One of the basic tools available with Festival is a system for building and using Classification and Regression Trees (breiman84). This standard statistical method can be used to predict both categorical and continuous data from a set of feature vectors.
The tree itself contains yes/no questions about features and ultimately provides either a probability distribution, when predicting categorical values (classification tree), or a mean and standard deviation when predicting continuous values (regression tree). Well defined techniques can be used to construct an optimal tree from a set of training data. The program, developed in conjunction with Festival, called wagon, distributed with the speech tools, provides a basic but ever increasingly powerful method for constructing trees.
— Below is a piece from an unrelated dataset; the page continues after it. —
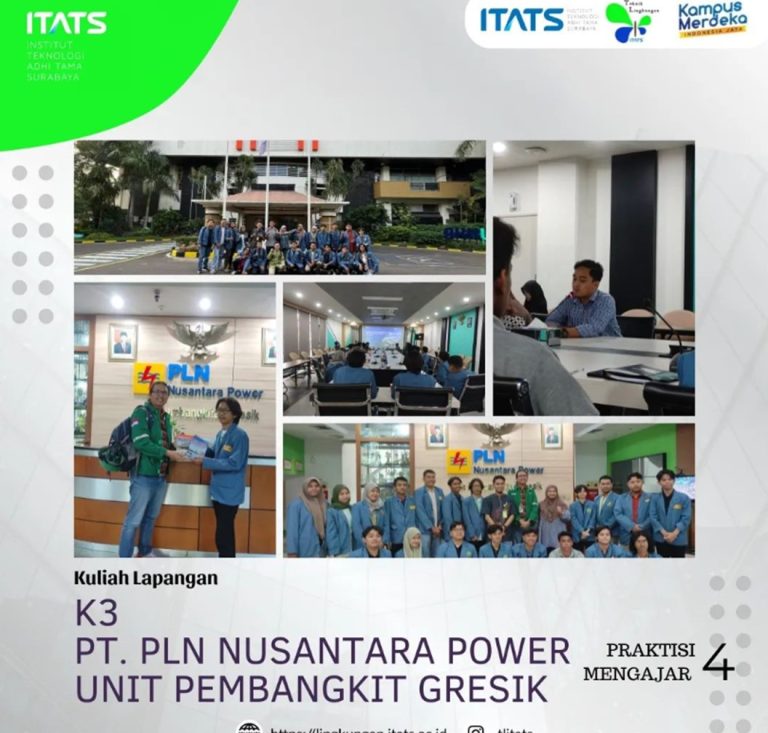 Kuliah Lapangan, Teknik Lingkungan kunjungi BMKG Juanda dan PT. PLN Nusantara Power.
A tree need not be automatically constructed, CART trees have the advantage over some other automatic training methods, such as neural networks and linear regression, in that their output is more readable and often understandable by humans. Importantly this makes it possible to modify them. CART trees may also be fully hand constructed. This is used, for example, in generating some duration models for languages we do not yet have full databases to train from.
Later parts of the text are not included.